Goal of the exercise
In duplicating the lines below, keep every word unchanged and drop the pictures.

⁂

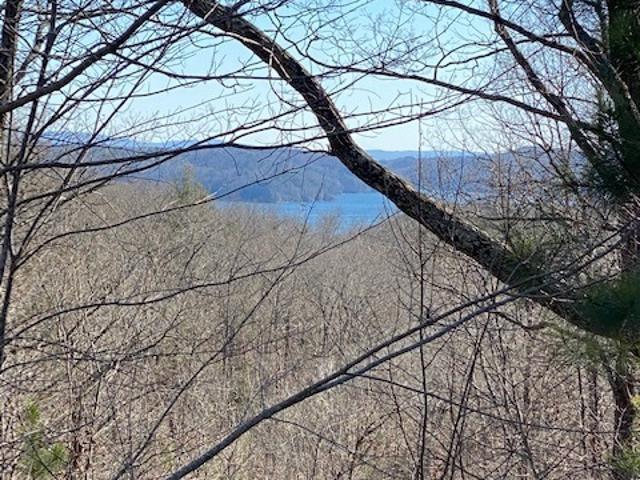 Land for sale in Gilmer, Georgia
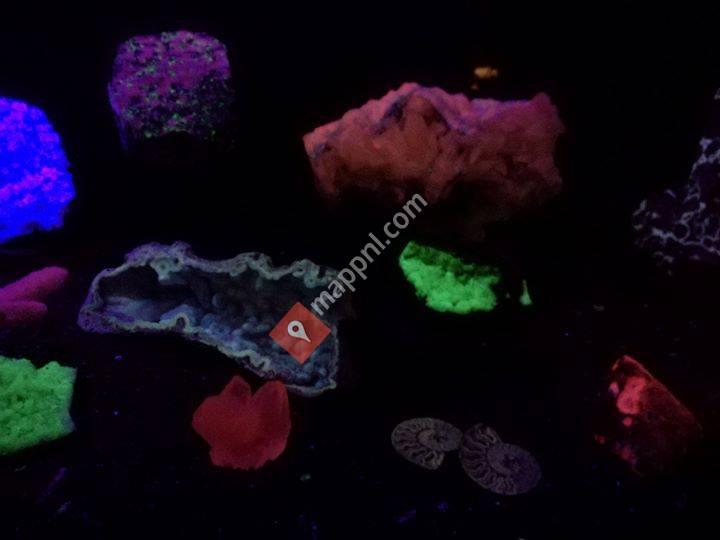 Kracht en Kleur Coaching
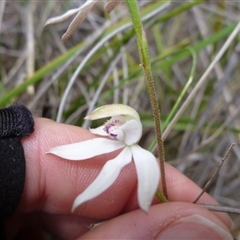 Caladenia moschata at Point 103 - suppressed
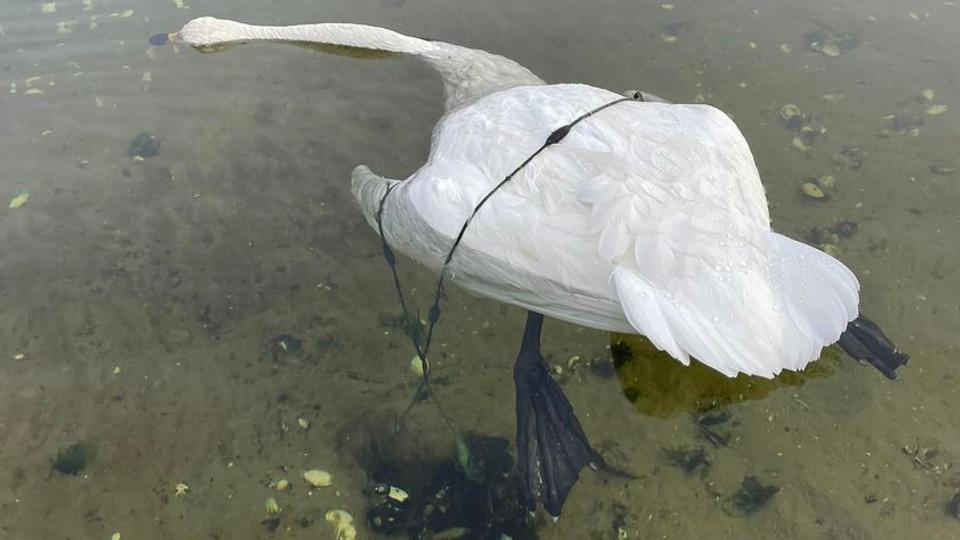 Dan Frederiksen blev mandag trist til mode, da han på en fisketur ved Mariagerfjord fandt en død svane, der var blevet fanget i noget affald, og ikke havde haft kræfter til at gøre sig fri. <i>Foto: Dan Frederiksen</i>
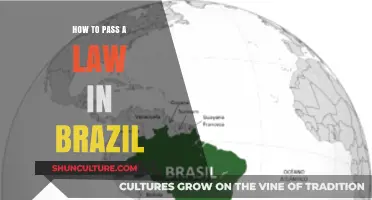 Understanding Brazil's Legislative Process: A Step-by-Step Guide to Passing Laws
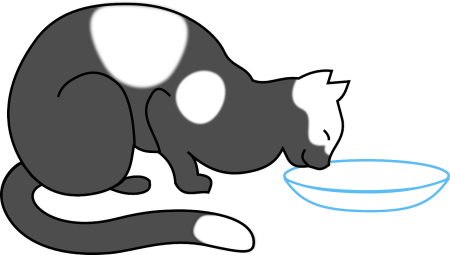 Кот с миской молока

⁂

Response below
 Land for sale in Gilmer, Georgia
 Kracht en Kleur Coaching
 Caladenia moschata at Point 103 - suppressed
 Dan Frederiksen blev mandag trist til mode, da han på en fisketur ved Mariagerfjord fandt en død svane, der var blevet fanget i noget affald, og ikke havde haft kræfter til at gøre sig fri. <i>Foto: Dan Frederiksen</i>
 Understanding Brazil's Legislative Process: A Step-by-Step Guide to Passing Laws
 Кот с миской молока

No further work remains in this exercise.